What you should do:
Restate the full listing word for word and leave the pictures out.

Information provided:
++++++
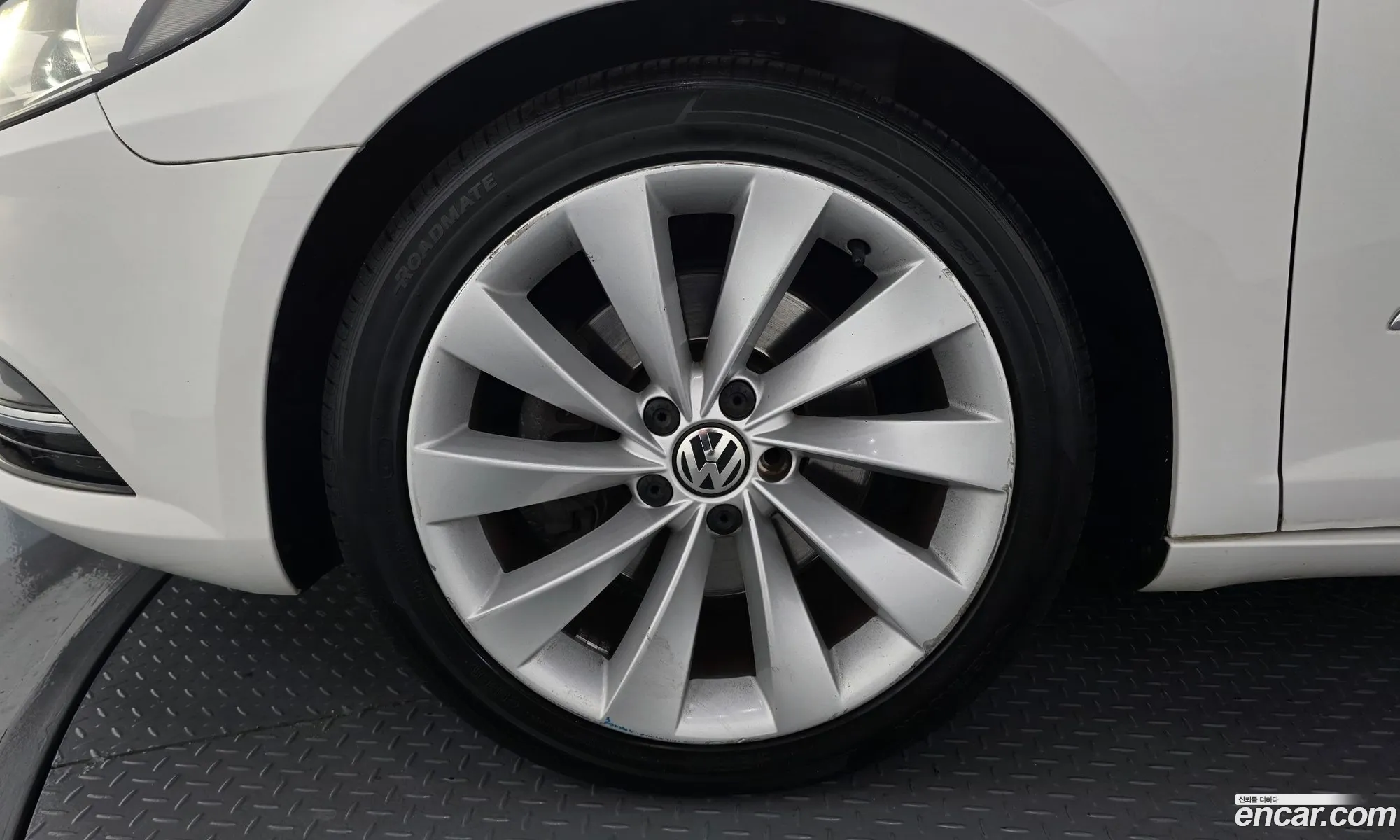Volkswagen CC 2013 — 12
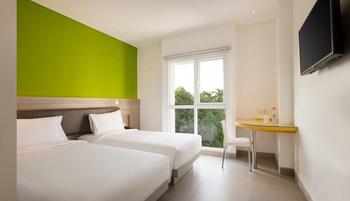Amaris Hotel Bintoro Surabaya - Smart Room Twin Offer Last Minute Deal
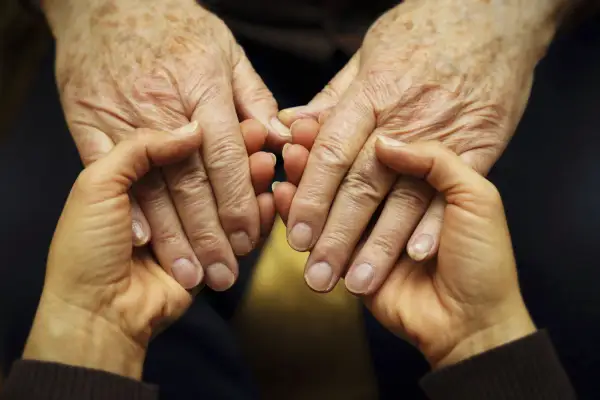 Иммунологтар: Коронавирус адамның өмір сүру ұзақтығына әсер етеді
++++++
Solution:
Volkswagen CC 2013 — 12
Amaris Hotel Bintoro Surabaya - Smart Room Twin Offer Last Minute Deal
 Иммунологтар: Коронавирус адамның өмір сүру ұзақтығына әсер етеді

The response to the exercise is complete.